WHAT THE EXERCISE ASKS :: There should be no pictures in your answer, only an exact copy of the lines from the one with "When you have" through the end of the material.

DATA BLOCK ::
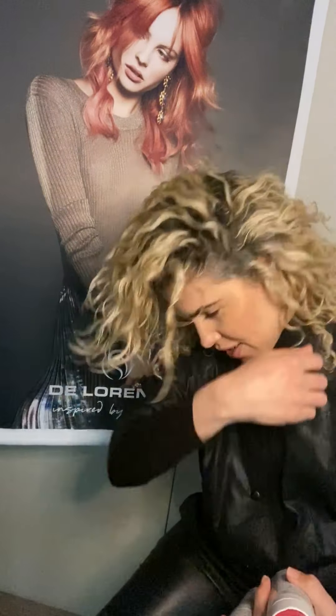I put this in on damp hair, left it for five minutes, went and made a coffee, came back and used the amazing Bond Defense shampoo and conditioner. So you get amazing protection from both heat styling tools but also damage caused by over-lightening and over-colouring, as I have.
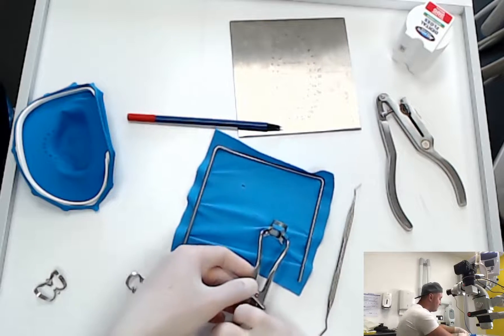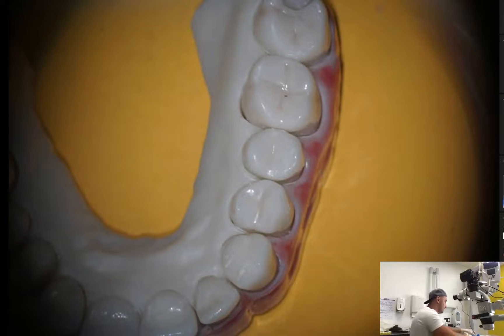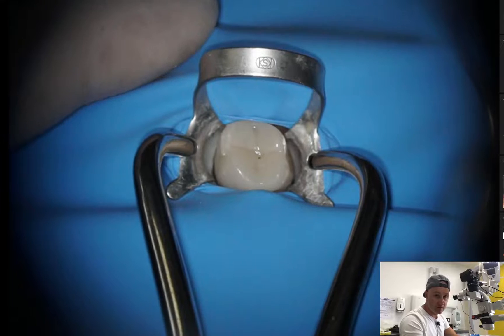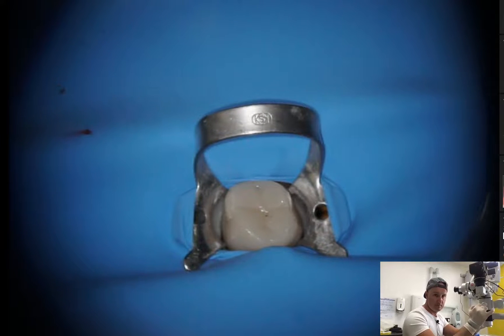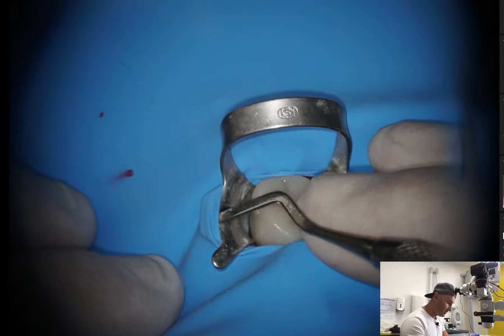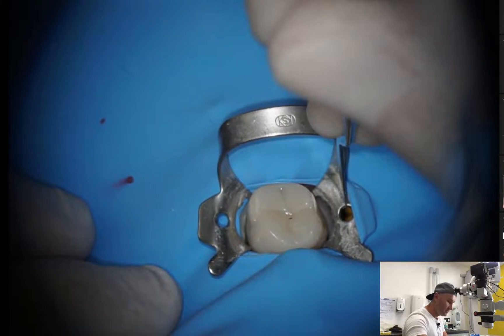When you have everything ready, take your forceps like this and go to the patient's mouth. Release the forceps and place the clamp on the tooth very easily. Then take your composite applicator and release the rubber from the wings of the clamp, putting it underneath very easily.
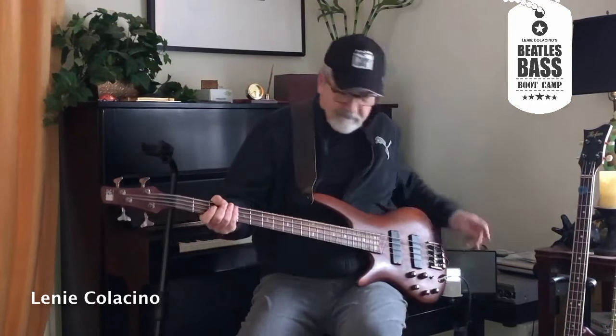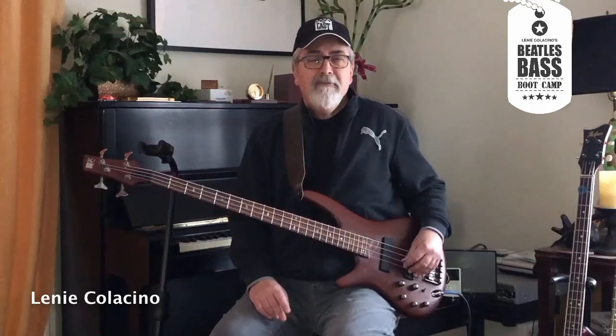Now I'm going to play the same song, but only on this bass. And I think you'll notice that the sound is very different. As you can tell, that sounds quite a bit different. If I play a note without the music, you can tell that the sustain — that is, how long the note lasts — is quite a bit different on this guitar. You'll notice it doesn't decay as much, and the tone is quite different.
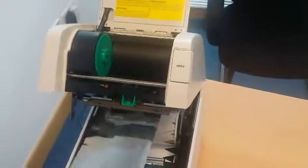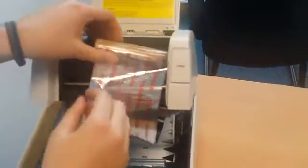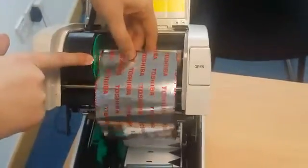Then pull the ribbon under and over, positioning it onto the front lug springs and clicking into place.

OUTPUT FOR THIS EXERCISE ::
When you have everything ready, take your forceps like this and go to the patient's mouth. Release the forceps and place the clamp on the tooth very easily. Then take your composite applicator and release the rubber from the wings of the clamp, putting it underneath very easily.
Now I'm going to play the same song, but only on this bass. And I think you'll notice that the sound is very different. As you can tell, that sounds quite a bit different. If I play a note without the music, you can tell that the sustain — that is, how long the note lasts — is quite a bit different on this guitar. You'll notice it doesn't decay as much, and the tone is quite different.
Then pull the ribbon under and over, positioning it onto the front lug springs and clicking into place.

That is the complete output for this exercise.